A new superstructure is making its mark in Sandton in the heart of Africa’s richest square mile.

The $3 billion project is expected to be completed by the end of 2019 and beat Carlton Centre’s reign as the tallest building in Africa since 1973.

The 223-meter, 50-storey Carlton Centre in Johannesburg has for 46 years stood the test of time as a skyscraper dominating the skyline in South Africa and the continent.

The new building coming up in Sandton will be a 55-storey, 234-meter classical Italian eponym paying homage to Leonardo da Vinci, the Italian artist of the Renaissance era.

READ MORE | Re-constructing Johannesburg The City Of Opportunity

It adds to the luxurious portfolio of hotels by the Legacy Living property group.

As The Leonardo rising from the bedrock and gradually etches its presence on the skyline, Gijs Foden, Director of Retail Management in Legacy Living, says it is a beacon that represents economic growth far beyond the surface.

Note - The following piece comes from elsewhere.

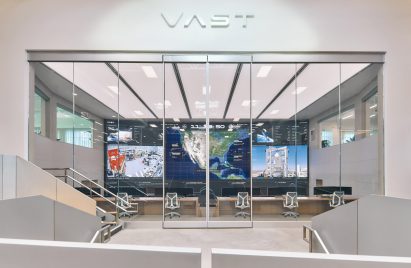 Photo of the Vast headquarters, looking in at a wall-to-wall, floor-to-ceiling colour screen in the mission control centre from a viewing platform outside in the communal area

“From a development perspective, everyone knows about the crisis in construction. There is light at the end of the tunnel, through a tough economy. It is a tough market and we are working our way out of it. We are going up. We are part of the beacon of hope through tough times,” he says.

South Africa has nine out of 20 of the continent’s tallest buildings, amounting to 1,277 meters in total and 5,000 steps up a staircase.

While most of these buildings were erected in the 1900s and early 2000s, records have stayed the same.

Johannesburg’s Ponte City Tower standing as the third tallest building in Africa, coming in after Kenya’s Britam Tower at 200 meters.

The Leonardo was initially set out to be a mixed-use building with 33 floors but has since escalated to dominating the South African skyscraper inventory.

Foden says the development will not only provide investment opportunities for South Africa, but it will celebrate African authenticity.

Set to be completed in the year of Leonardo Da Vinci’s 500th death anniversary, African art will be the center-piece of the tower.

You look out of the window and that is your canvas. Internally, the art in the building is African art.

“We are supporting the African artist, it is what it is. The art defines the building. Keeping the essence of the building and at the same time the warmth and lifestyle will be an attraction, irrespective of the Italian name,” Foden says.

By following due processes in getting the height approved, overtaking Carlton Centre’s record, Foden says: “It [Carlton Centre] is still an icon and no one has been able to beat it. It is different times and it is also different generations. This is our generation which is going to be a timeless building for many years to come. It is an urban flight.”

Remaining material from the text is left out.